Young cowboys and cowgirls find new friends
while they test their skills and earn cash prizes
at Hallsville’s Heritage Days Little Britches Rodeo
Monday, June 27, 2005 | 12:00 a.m. CDT; updated 3:41 a.m. CDT, Saturday, July 19, 2008

How can you be a cowboy without a horse? Cole Sheetz knows. He’s ready to prove it with a list of ways that he counts off on his fingers.

“I’ve got a pistol, a belt buckle, cowboy boots and a cowboy hat,” he says and pauses for a second to think.

“I’ve also got cowboy friends,” he adds, “and I’m one handsome guy.”

Cole, 5, and his younger brother Dylan, 3, find no shame in being cowboys who travel on two feet instead of four hooves. After all, they have Quincy and Quincy, a pair of hobby horses, to gallop around on.

“I named mine Quincy first,” Cole explains. “He was such a good horse that Dylan named his horse Quincy, too.”

Cole, Dylan and about 30 other horseless cowboys and cowgirls, all age 5 and younger, took part in the Little Britches Rodeo earlier this month during Hallsville’s Heritage Days.

The competition featured standard rodeo events like barrel racing and calf roping, which used hobby horses and straw bales fitted with plastic calf heads instead of live animals. There were also nontraditional events such as interviews with judges and a best-dressed cowboy and cowgirl competition.

[photo]

Tyler Reinerd, 4, throws his lasso at a target made from a plastic cow head and a straw bale during the calf roping competition. (JASON JOHNS / Missourian)

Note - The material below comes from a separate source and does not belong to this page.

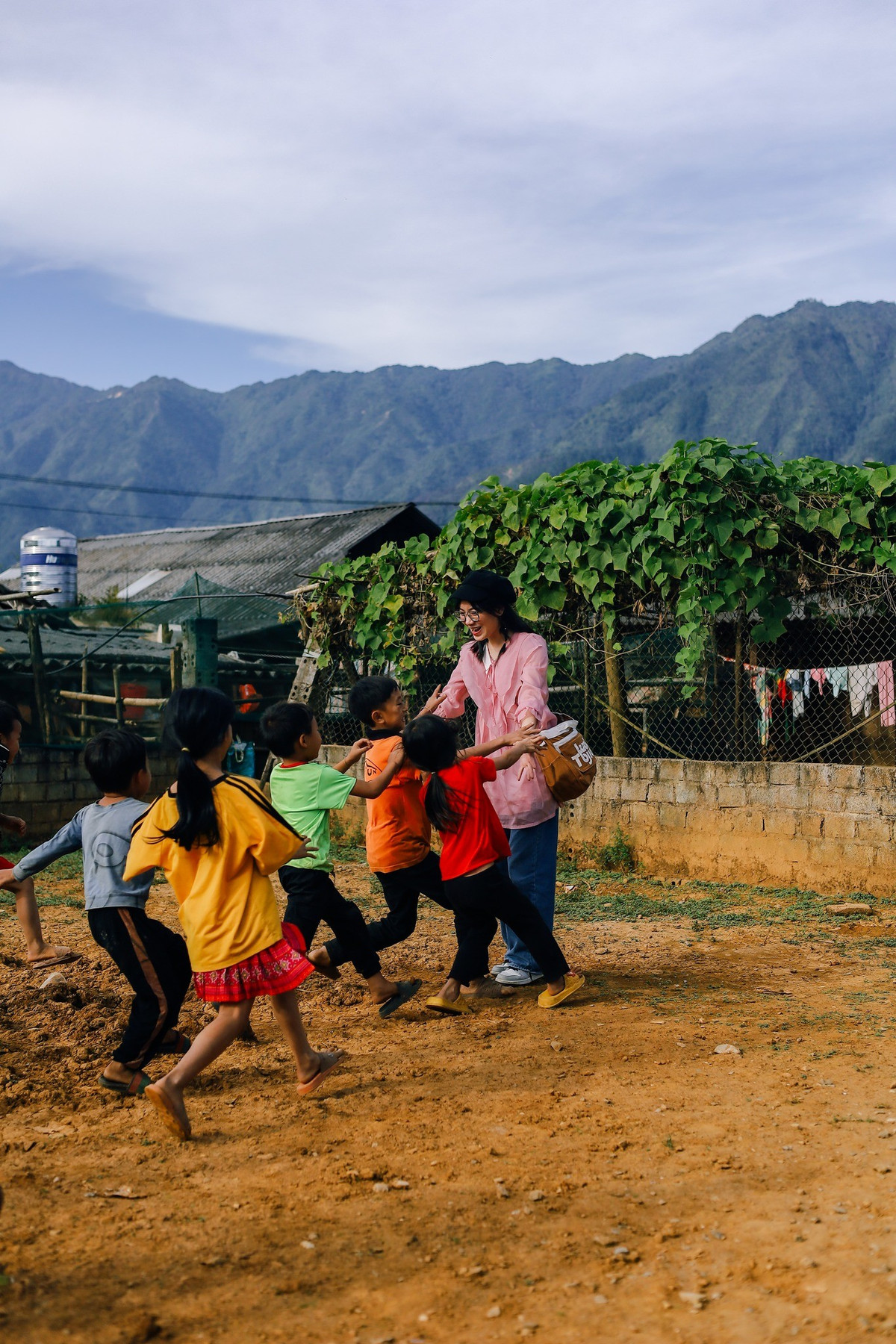 Người dân chủ yếu sống bằng nương rẫy, chăn nuôi; trẻ con tung tăng nô đùa giữa sương mây, tiếng khèn Mông đôi khi vang vọng trong buổi chiều lộng gió. Với du khách, đó chính là những thanh âm mộc mạc nhất của núi rừng Tây Bắc. Ảnh Đi cùng mây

Just like grown-up rodeos, the Little Britches participants competed for trophies and cash prizes. And just like grown-up cowboys, little ones like Cole know rodeos can be more about the friendships than the prize money.

During the calf roping competition, Cole cheers on other contestants, yelling, “Give it your best shot. We all can win.”

Then, he walks up to introduce himself to a fellow cowboy he’s never met.

“You’re my friend, you know. You’re my new friend,” he says to Tyler Reinerd, 4, patting him on the shoulder. “What’s your name, anyway?”